During my protracted wrongful incarceration, I have lived with and in close proximity to a great diversity of men. Although in here there are no fellow incarcerated women, children and few senior citizens, there is a myriad of racially, ethnically and religiously diverse men. I have had many diverse cell-partners. What is a cell-partner? Its the person whom I share a 7×12 foot concrete box with, sink-toilet combo included. You may be able to boast about having a friend or two of a different race or religion, but can you contemplate having a random stranger as a cell-partner, one who may have racial, cultural, religious and/or other differences?
Racial tensions traditionally become much more intense when forced into the unnatural environment of prison. It is an interesting phenomenon that seems to be quite geographically universal. The typical racial or religious or other coalescing factors in the incarcerated environment often lead men to tribalism. Overwhelmingly, this is an attempt to satisfy a deep human yearning for community, a need for belonging to a group in which one can feel a connection. The notion that incarcerated (or free) people commonly join gangs for protection may be true, but I believe it is driven more so by a desire to belong.
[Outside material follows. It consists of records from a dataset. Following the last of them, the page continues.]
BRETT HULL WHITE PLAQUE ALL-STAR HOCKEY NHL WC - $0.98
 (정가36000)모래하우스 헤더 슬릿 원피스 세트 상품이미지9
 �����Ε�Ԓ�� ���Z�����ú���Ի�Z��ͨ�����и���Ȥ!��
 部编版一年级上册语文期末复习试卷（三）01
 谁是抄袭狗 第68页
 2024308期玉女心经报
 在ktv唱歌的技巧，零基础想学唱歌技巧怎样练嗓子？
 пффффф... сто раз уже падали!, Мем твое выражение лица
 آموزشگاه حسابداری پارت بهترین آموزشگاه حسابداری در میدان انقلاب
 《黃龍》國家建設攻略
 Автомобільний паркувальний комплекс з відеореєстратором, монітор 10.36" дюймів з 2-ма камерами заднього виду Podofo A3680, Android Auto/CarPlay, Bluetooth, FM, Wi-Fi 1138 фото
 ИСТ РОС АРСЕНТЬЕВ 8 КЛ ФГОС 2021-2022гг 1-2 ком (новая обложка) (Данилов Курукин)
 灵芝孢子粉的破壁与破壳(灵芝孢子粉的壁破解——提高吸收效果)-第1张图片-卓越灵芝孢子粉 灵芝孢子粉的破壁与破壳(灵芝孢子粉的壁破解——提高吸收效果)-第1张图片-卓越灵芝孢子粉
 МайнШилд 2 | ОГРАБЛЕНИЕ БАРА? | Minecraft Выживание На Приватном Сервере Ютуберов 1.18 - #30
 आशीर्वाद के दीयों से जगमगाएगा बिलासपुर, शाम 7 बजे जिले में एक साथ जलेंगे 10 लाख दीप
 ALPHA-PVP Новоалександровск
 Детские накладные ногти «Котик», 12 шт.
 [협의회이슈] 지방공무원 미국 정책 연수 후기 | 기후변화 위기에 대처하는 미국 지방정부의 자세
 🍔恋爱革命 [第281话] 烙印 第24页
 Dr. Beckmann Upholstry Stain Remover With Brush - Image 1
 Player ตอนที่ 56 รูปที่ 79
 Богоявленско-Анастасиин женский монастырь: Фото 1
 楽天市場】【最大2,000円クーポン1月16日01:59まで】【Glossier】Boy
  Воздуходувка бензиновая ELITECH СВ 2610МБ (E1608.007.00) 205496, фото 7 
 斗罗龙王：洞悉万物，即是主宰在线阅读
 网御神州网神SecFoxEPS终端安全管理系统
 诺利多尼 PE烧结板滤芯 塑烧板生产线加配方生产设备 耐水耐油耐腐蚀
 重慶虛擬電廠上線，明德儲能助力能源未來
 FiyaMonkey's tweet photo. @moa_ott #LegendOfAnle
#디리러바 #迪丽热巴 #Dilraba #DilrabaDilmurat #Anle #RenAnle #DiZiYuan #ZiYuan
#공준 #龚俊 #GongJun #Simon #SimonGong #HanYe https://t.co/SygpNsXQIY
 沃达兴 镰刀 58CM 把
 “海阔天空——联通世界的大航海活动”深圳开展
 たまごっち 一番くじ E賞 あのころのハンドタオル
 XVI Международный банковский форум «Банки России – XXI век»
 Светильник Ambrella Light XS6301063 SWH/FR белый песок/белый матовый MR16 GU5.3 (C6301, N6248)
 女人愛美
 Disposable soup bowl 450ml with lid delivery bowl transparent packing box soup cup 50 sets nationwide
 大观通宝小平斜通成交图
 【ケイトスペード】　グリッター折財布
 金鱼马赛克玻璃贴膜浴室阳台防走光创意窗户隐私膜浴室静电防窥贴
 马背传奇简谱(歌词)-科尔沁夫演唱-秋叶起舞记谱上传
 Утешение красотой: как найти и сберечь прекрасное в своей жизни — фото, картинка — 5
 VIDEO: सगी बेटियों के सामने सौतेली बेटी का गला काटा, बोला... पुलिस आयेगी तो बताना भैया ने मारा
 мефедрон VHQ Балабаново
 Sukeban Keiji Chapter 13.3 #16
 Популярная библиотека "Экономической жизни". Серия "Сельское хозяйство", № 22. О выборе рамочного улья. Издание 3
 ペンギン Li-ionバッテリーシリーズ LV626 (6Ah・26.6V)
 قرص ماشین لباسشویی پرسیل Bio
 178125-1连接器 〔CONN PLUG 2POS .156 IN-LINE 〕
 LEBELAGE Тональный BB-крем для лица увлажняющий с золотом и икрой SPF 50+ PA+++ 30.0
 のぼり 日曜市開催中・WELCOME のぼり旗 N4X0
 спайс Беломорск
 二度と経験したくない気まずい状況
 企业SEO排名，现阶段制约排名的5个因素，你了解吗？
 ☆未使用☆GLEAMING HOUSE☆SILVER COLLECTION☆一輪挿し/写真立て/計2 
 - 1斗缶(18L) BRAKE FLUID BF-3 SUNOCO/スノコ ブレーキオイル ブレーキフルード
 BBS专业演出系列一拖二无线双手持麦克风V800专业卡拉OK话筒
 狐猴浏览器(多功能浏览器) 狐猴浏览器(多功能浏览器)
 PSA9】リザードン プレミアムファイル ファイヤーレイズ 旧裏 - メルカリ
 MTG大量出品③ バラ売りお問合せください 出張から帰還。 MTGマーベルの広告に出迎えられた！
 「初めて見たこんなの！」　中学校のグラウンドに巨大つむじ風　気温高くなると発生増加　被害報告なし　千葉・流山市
Although I have managed to completely avoid partaking in any gangs and have largely avoided any conflict with gang members, perhaps if I was incarcerated in another state things would be different. From discussions with people who have been incarcerated in other state and federal institutions, racial conflict seems to be relatively low in the Virginia DOC. Friends and advocates of mine seemed surprised that, as tensions mounted in the wake of George Floyd’s killing, things in here were relatively peaceful. However, that is not to say that racial tension is nonexistent.

Aside from the fact that many incarcerated men are in prison for very serious crimes, many also have very radical ideologies. I have encountered people who believe that those with blue eyes are the devil, people who had tattoos glorifying Adolf Hitler and the Nazis, one whose name translates to “kill all non-Muslim believers”, people who believe that white folks were created in a botched laboratory experiment, others who are convinced that Jewish people are the spawn of Satan, plus many who buy into a host of governmental and other conspiracies. Prison, too, is a haven for those with obsessive or addictive characteristics.

I try to model positive thoughts and behaviors, but I am imperfect myself. I have helped countless men become better sons, brothers and husbands, but I am plagued by those whom I have spent time working with and later went terribly downhill. One fellow, for example, whom I befriended and helped overcome his substance abuse problems, soon after being released from custody committed despicable federal conspiracy crimes. Another, whom I was kind to committed robberies after being released and in an attempt to mitigate his punishment, told authorities that he had important information on a high profile case: mine. He tried to convince them that he and I were best of friends whilst he was in prison and that I confessed to him that I was the perpetrator of the crime I was convicted of. Although there was an attempt to use this information against me, it was realized after a cursory investigation that this guy was simply an opportunist career criminal.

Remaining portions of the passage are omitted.